> **Activity**: The answer must be an exact copy of the lines from the one with "Puede incluir: Una" through the final line of the records below, with no pictures.

> **Data shown**:

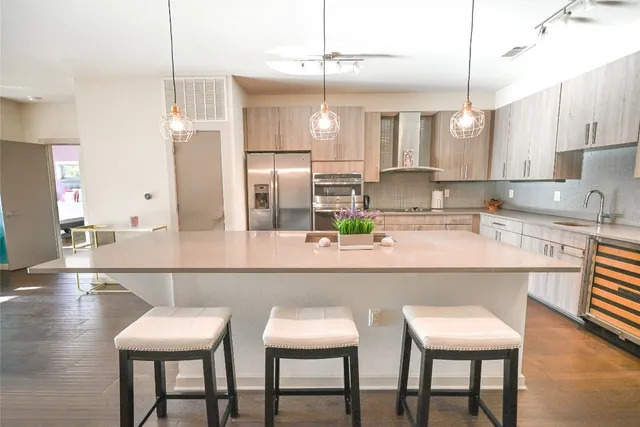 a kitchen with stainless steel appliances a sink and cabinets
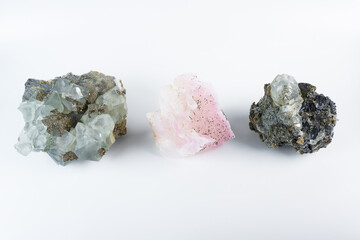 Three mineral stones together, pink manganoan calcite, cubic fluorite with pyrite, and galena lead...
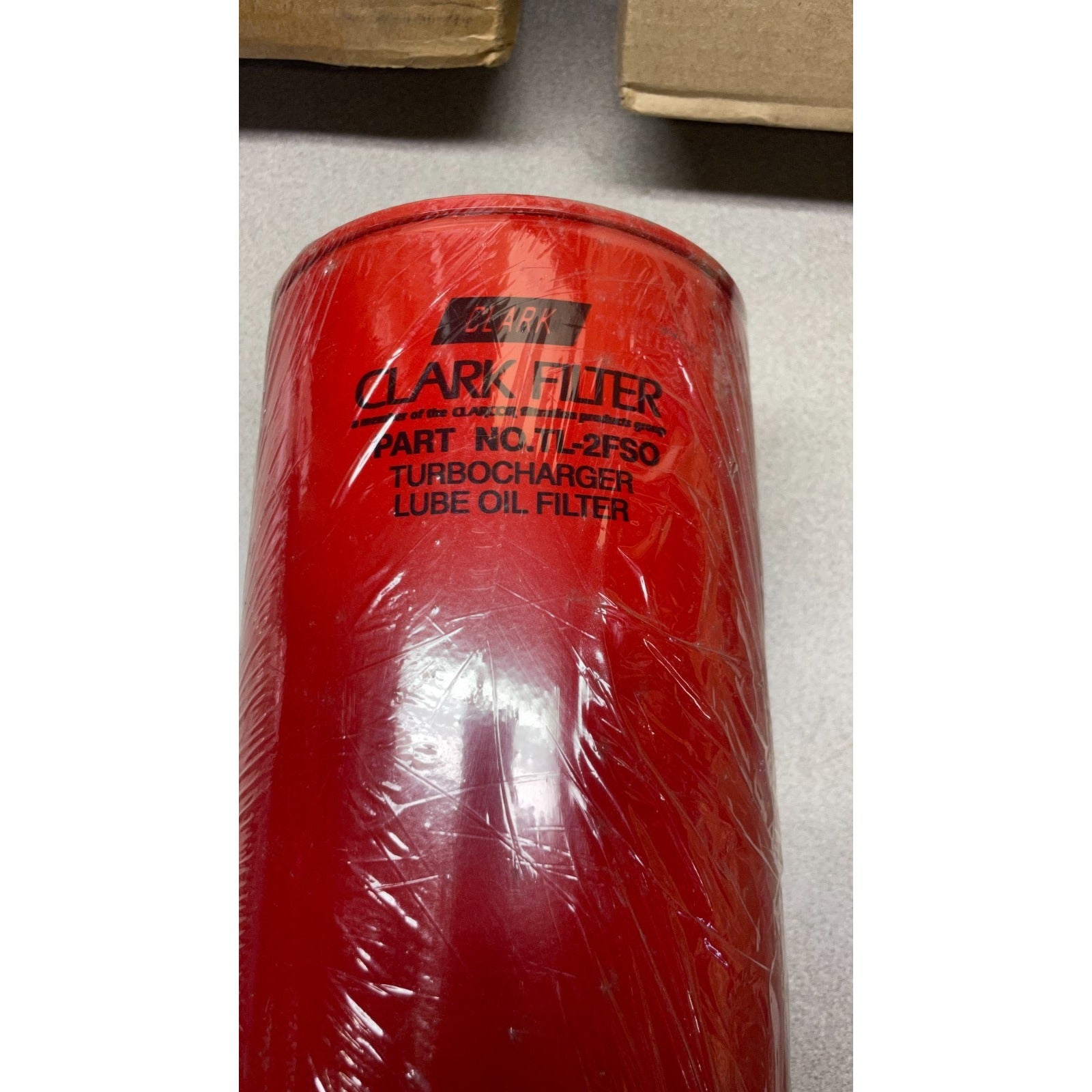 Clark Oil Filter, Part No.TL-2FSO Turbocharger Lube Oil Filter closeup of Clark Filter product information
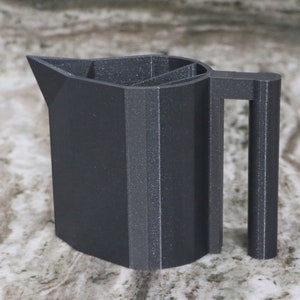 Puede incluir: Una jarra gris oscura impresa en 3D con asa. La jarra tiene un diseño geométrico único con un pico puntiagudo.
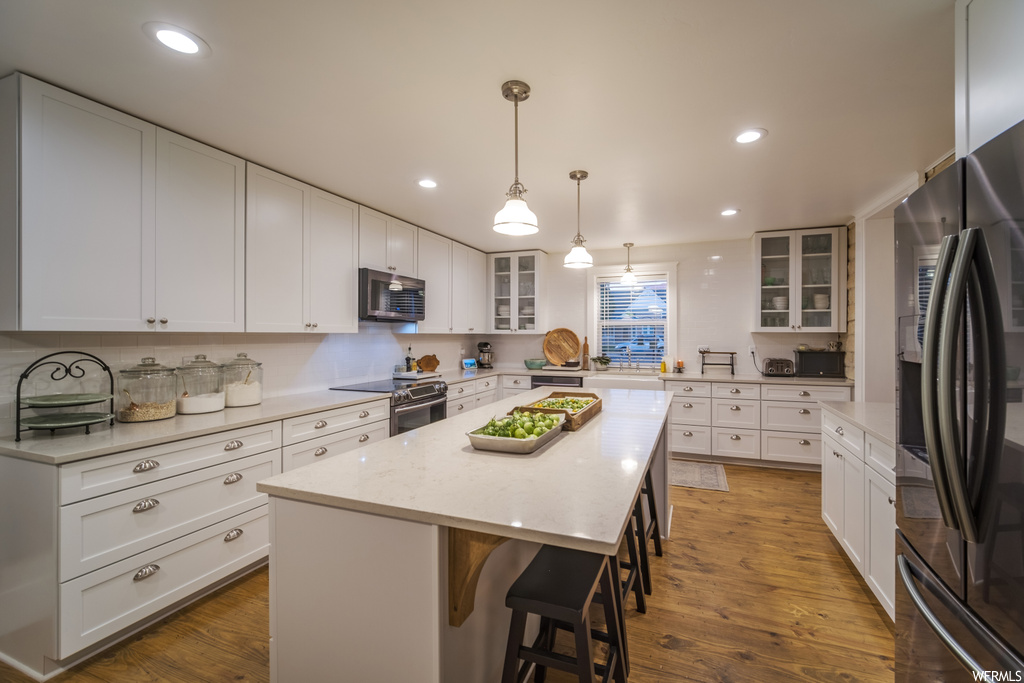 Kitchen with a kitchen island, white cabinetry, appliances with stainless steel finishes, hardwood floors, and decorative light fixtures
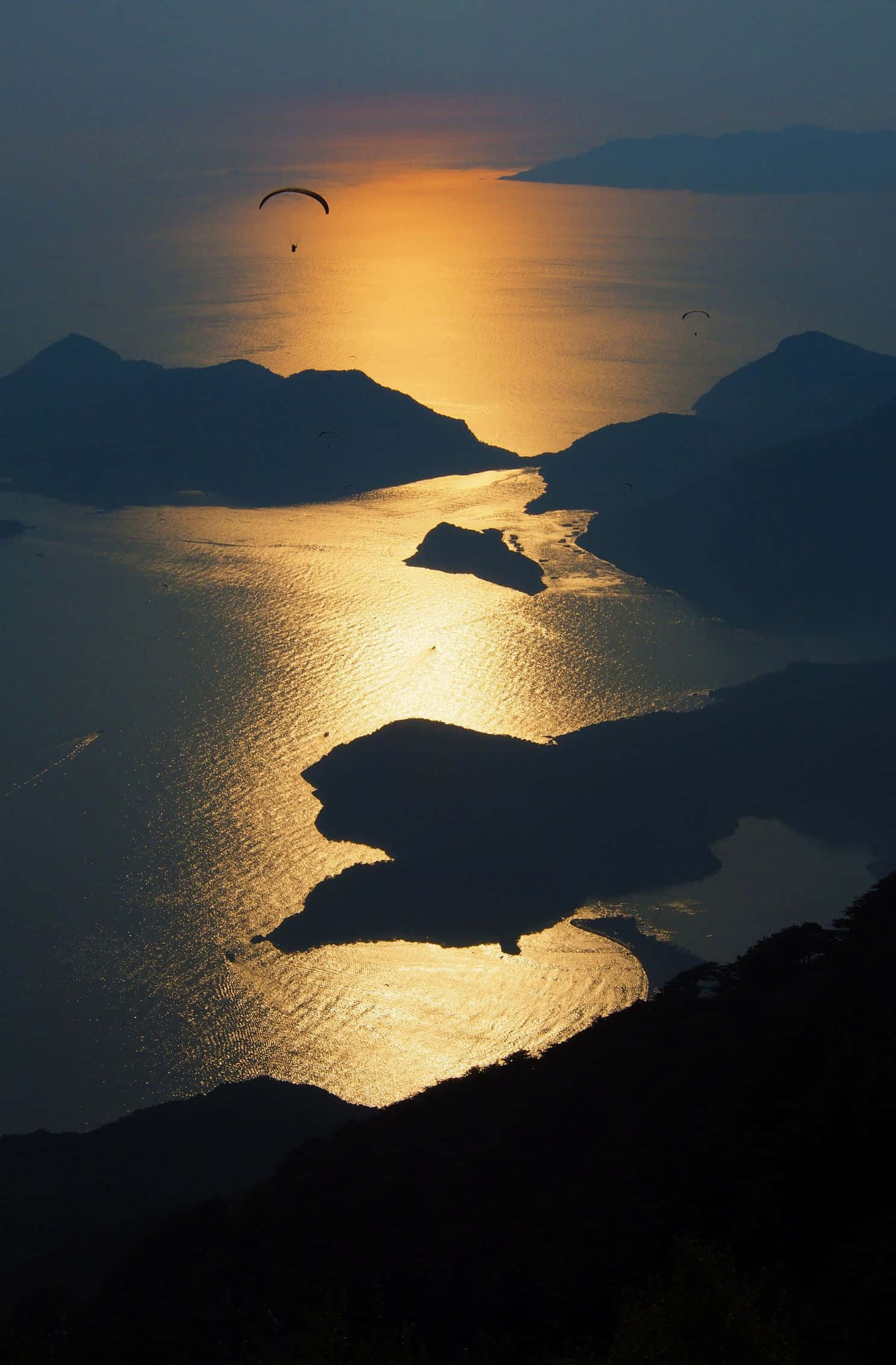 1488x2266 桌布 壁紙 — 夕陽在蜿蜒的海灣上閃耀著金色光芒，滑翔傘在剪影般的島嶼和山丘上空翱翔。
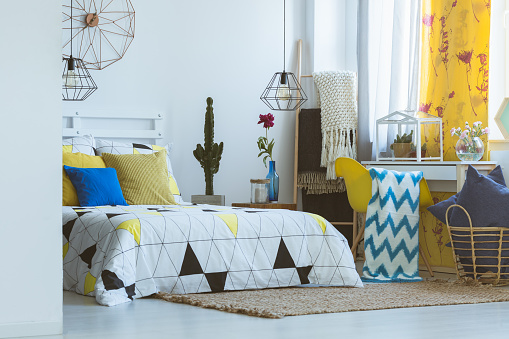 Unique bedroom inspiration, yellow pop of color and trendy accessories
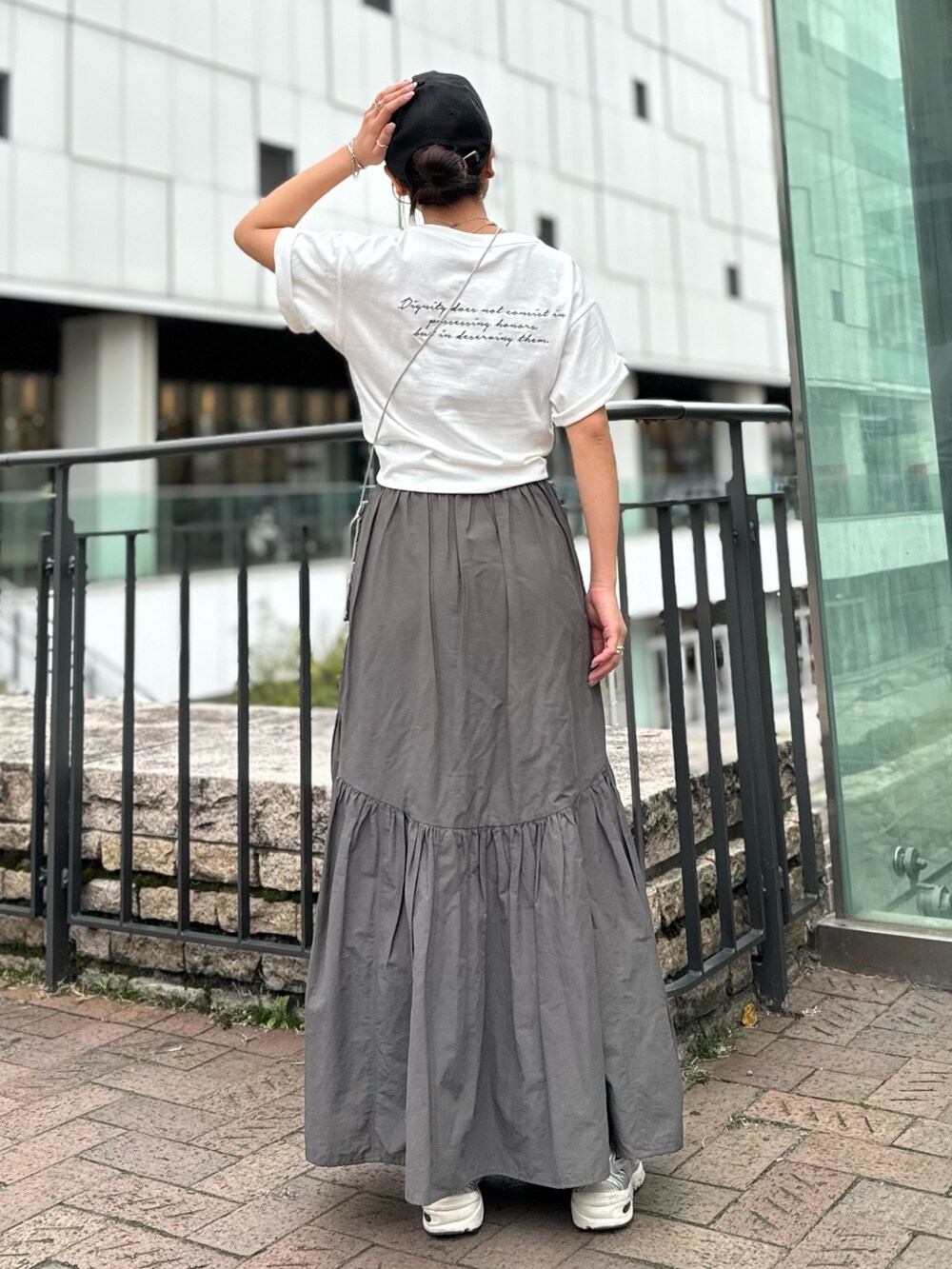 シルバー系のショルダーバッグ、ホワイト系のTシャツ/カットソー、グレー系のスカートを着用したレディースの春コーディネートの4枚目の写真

> **Result of the exercise**:
 Puede incluir: Una jarra gris oscura impresa en 3D con asa. La jarra tiene un diseño geométrico único con un pico puntiagudo.
 Kitchen with a kitchen island, white cabinetry, appliances with stainless steel finishes, hardwood floors, and decorative light fixtures
 1488x2266 桌布 壁紙 — 夕陽在蜿蜒的海灣上閃耀著金色光芒，滑翔傘在剪影般的島嶼和山丘上空翱翔。
 Unique bedroom inspiration, yellow pop of color and trendy accessories
 シルバー系のショルダーバッグ、ホワイト系のTシャツ/カットソー、グレー系のスカートを着用したレディースの春コーディネートの4枚目の写真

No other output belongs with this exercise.